BEGIN Excerpted records
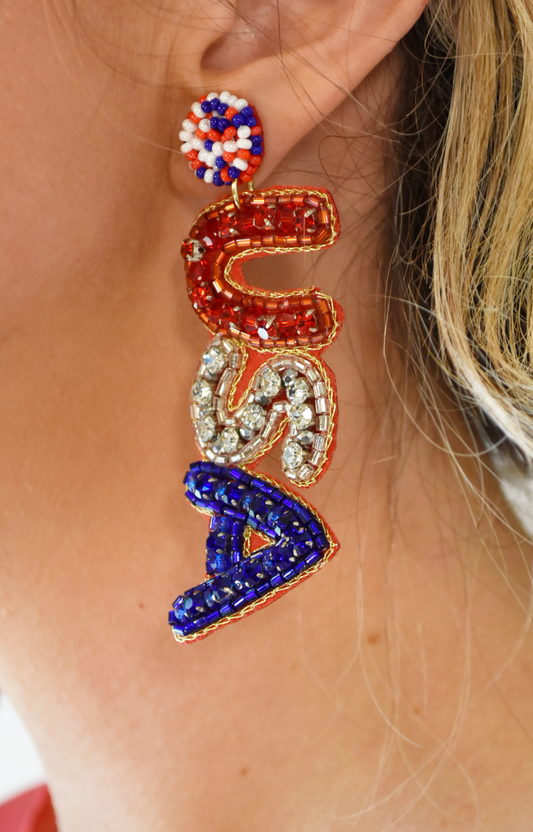 USA Beaded Earrings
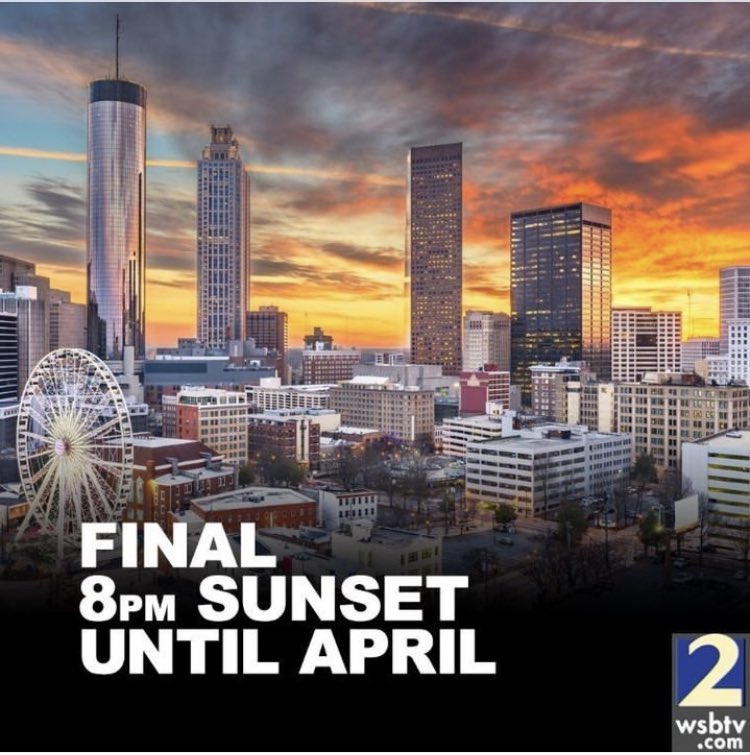 BradNitzWSB's tweet photo. Sunset tonight is at 8pm, tomorrow 7:59 pm. The next 8pm or later sunset is April 4, 2023. 

Winter is coming. 😂 https://t.co/MmpYqQBz2m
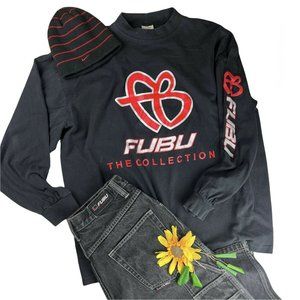 VTG FUBU FB Logo long Sleeve Spell Out Bigger T Shirt Crew neck 2XL Black Red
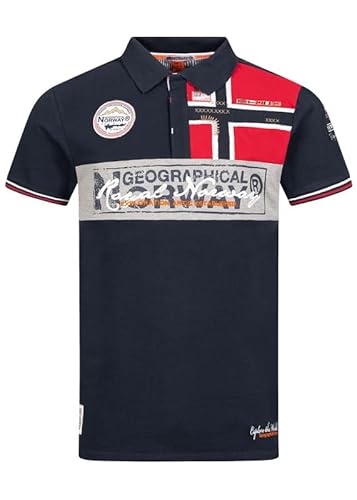 Geographical Norway Kidney Men – Poloshirt für Herren, Bedruckt, klassisch, Baumwolle, Kurze Ärmel, lässiger Kragen mit Knopf (Marine, XXL) von Geographical Norway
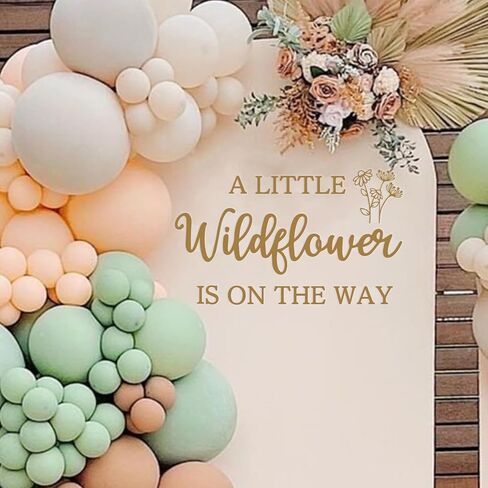 A Little Wildflower is on the Way Decal for Backdrop - Floral Baby Shower Decorations, Flower Themed Balloon Arch Backdrop Decorations in Kuwait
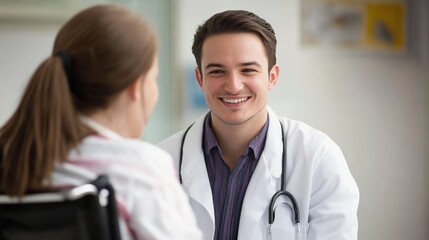 Smiling doctor looking at a patient on a wheelchair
END Excerpted records
### How to complete this task
Retyped exactly, the lines from the one holding "BradNitzWSB's tweet photo." through the last line of the data above are the whole answer. Pictures stay out.

### Exercise answer
 BradNitzWSB's tweet photo. Sunset tonight is at 8pm, tomorrow 7:59 pm. The next 8pm or later sunset is April 4, 2023. 

Winter is coming. 😂 https://t.co/MmpYqQBz2m
 VTG FUBU FB Logo long Sleeve Spell Out Bigger T Shirt Crew neck 2XL Black Red
 Geographical Norway Kidney Men – Poloshirt für Herren, Bedruckt, klassisch, Baumwolle, Kurze Ärmel, lässiger Kragen mit Knopf (Marine, XXL) von Geographical Norway
 A Little Wildflower is on the Way Decal for Backdrop - Floral Baby Shower Decorations, Flower Themed Balloon Arch Backdrop Decorations in Kuwait
 Smiling doctor looking at a patient on a wheelchair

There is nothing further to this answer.